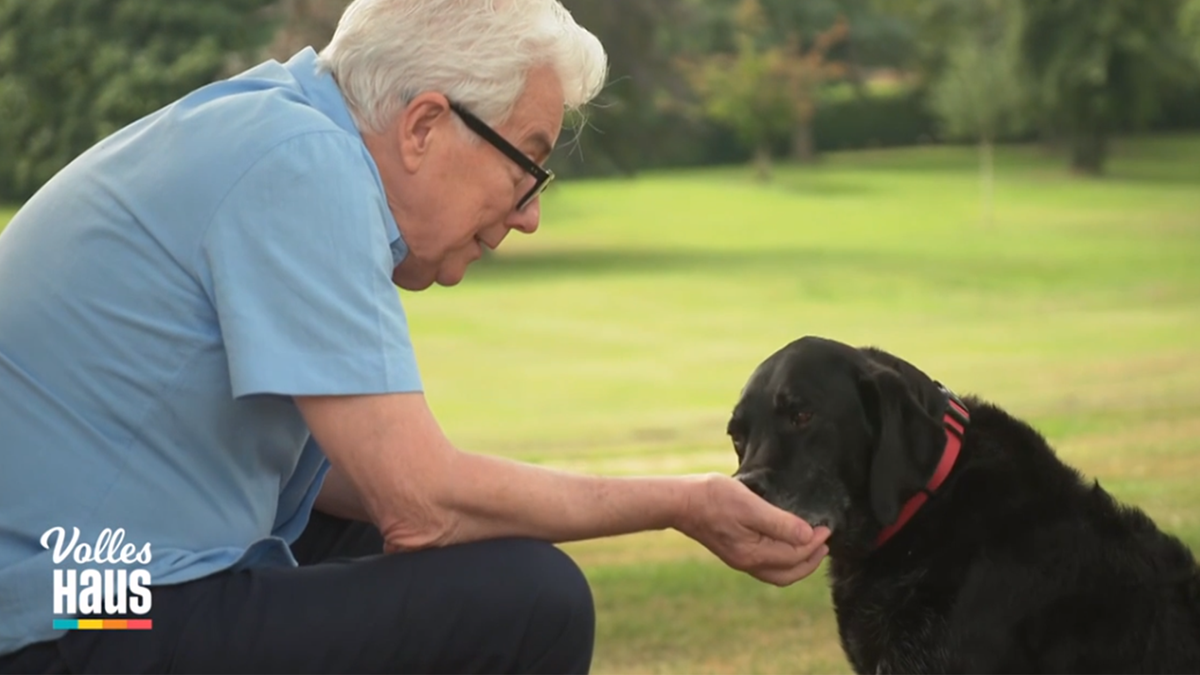 Ken Follett im Garten seines Landsitzes mit seinem Hund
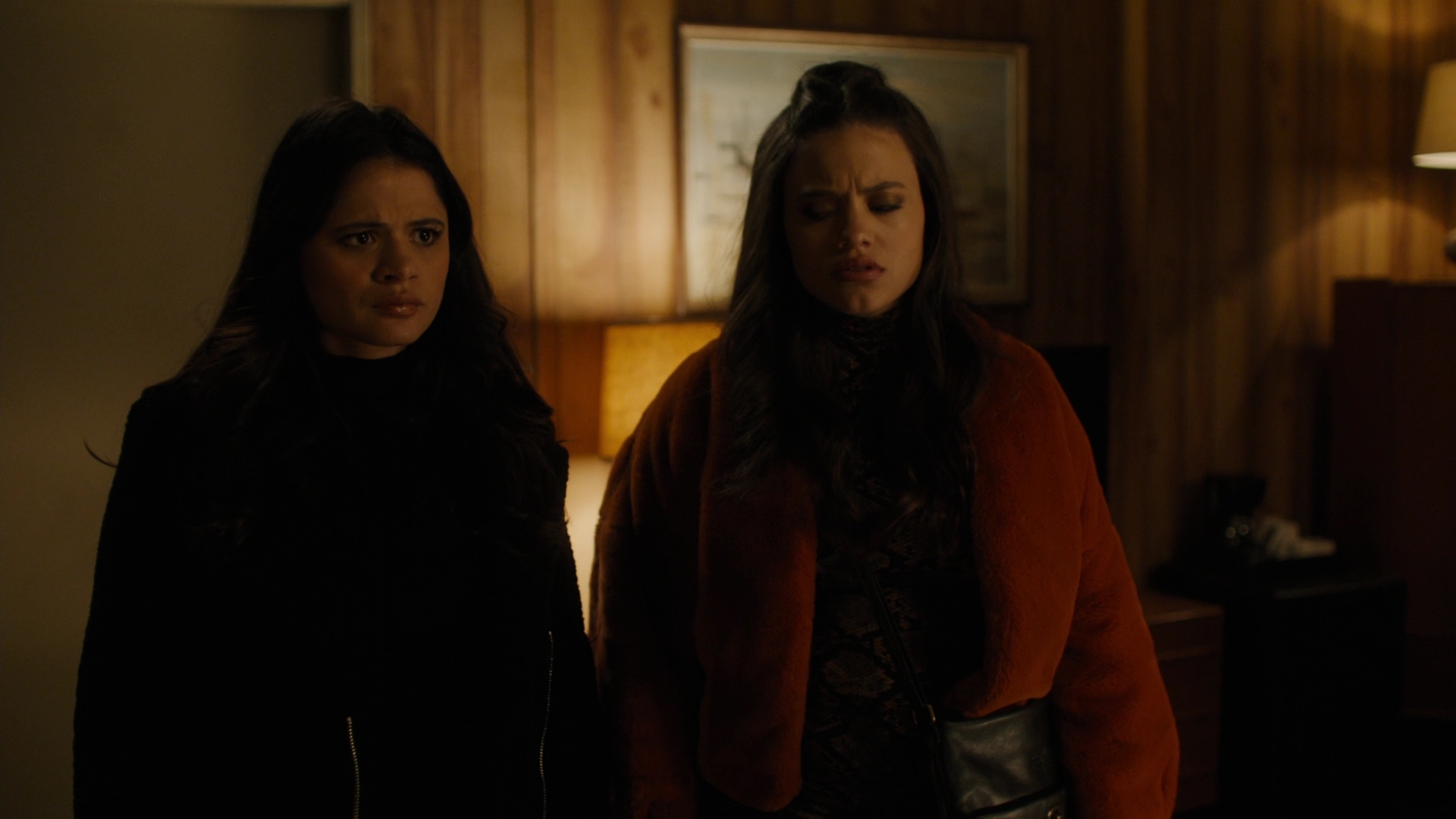 Charmed-Online-dot-nl_Charmed2x09GeussWhosComingToSafeSpaceSeattlle0687.jpg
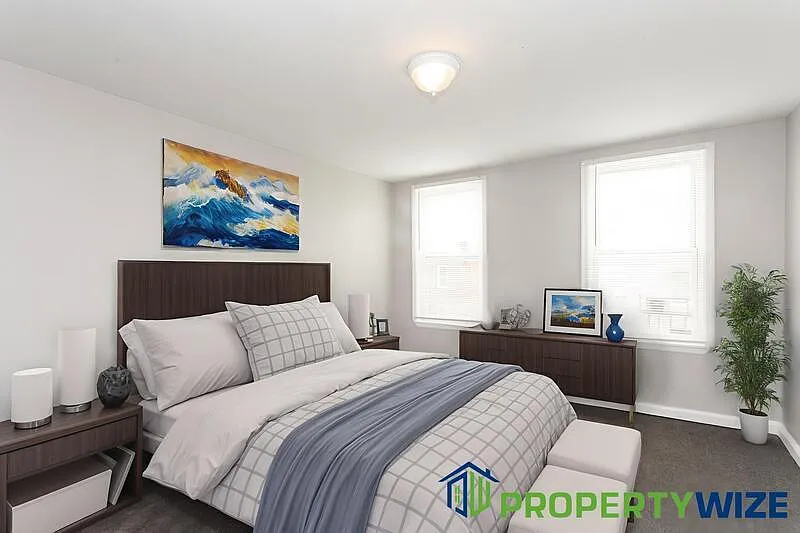 3 bed, 1.0 bath, 1144 sqft, $1,525 — Photo 2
• • • • •
YOUR TASK
Please copy the data above exactly; the pictures do not belong in the copy.

EXERCISE RESULT
 Ken Follett im Garten seines Landsitzes mit seinem Hund
 Charmed-Online-dot-nl_Charmed2x09GeussWhosComingToSafeSpaceSeattlle0687.jpg
 3 bed, 1.0 bath, 1144 sqft, $1,525 — Photo 2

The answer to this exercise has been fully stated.